In terms of reviews, the easiest comparison is to take a look at their DxOmark scores. The Xiaomi Mi9 scores a total of 107, with a 112 for photgraphy and a 99 for video. 


Samsung Galaxy S10

The Samsung Galaxy S10 has a triple-lens rear camera, made up of a 12MP f/2.4 telephoto lens with OIS, a 12MP dual-pixel lens which can switch between an aperture of f/1.5 and f/2.4 (both with OIS), and a 16MP f/2.2 ultra-wide-angle lens with no OIS.

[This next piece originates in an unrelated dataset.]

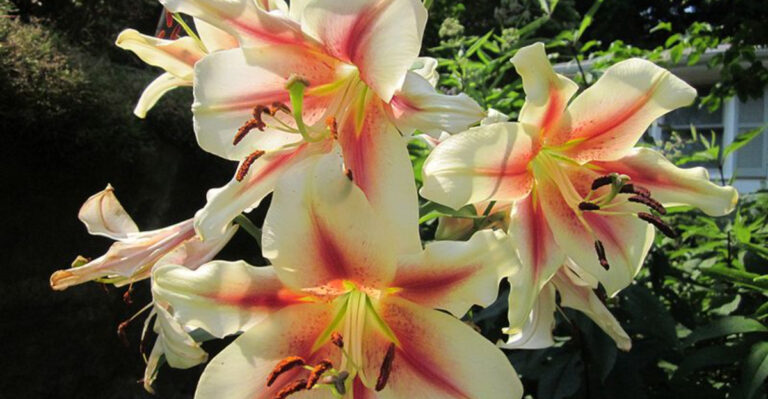 These 16 July Flowers Create Stunning Color Explosions in Any Garden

Over on the front there’s a dual front camera setup. The first is a 10MP sensor with 1.22µm pixels, 25mm-equivalent focal length and a f/1.9 aperture. The second is simply an 8MP sensor for depth sensing.

The Galaxy S10 scores a 109 from DxOmark, with a 114 for photography and an unexpected 97 for video. This is quite surprising, seeing how the Mi 9 got a 99 for video.



Xiaomi Mi 9

At its base model we’re using here, the Xiaomi Mi 9 comes in at 2,999 yuan, just about $445. This isn’t as ridiculously cheap as some previous Mi device have been, but it’s much lower than the standard flagship. Especially next to other Snapdragon 855 phones, the Mi 9 is practically peanuts.


Samsung Galaxy S10

The Samsung Galaxy S10 costs muuuch more than the Xiaomi Mi 9. In fact, at $900, it’s practically double the price of the Mi 9. It’s incredible how much companies expect us to pay for flagships these days. It’s why we need companies like Xiaomi and OnePlus to keep things sensible.



Overall, the Mi 9 vs S10 match up really ends up being a matter of perspective. In terms of sheer value, the Mi 9 is by and far the better option. It has almost the same or sometimes better specs, but at half the price. It’s almost a no brainer on a budget. There’s also the software updates.

On the other hand, the Galaxy S10 has a bunch of smaller advantages that add up to a grander upper hand. It has expandable storage, a 3.5mm headphone jack and more RAM. Whether all these small additions are worth the extra $455 is up to you.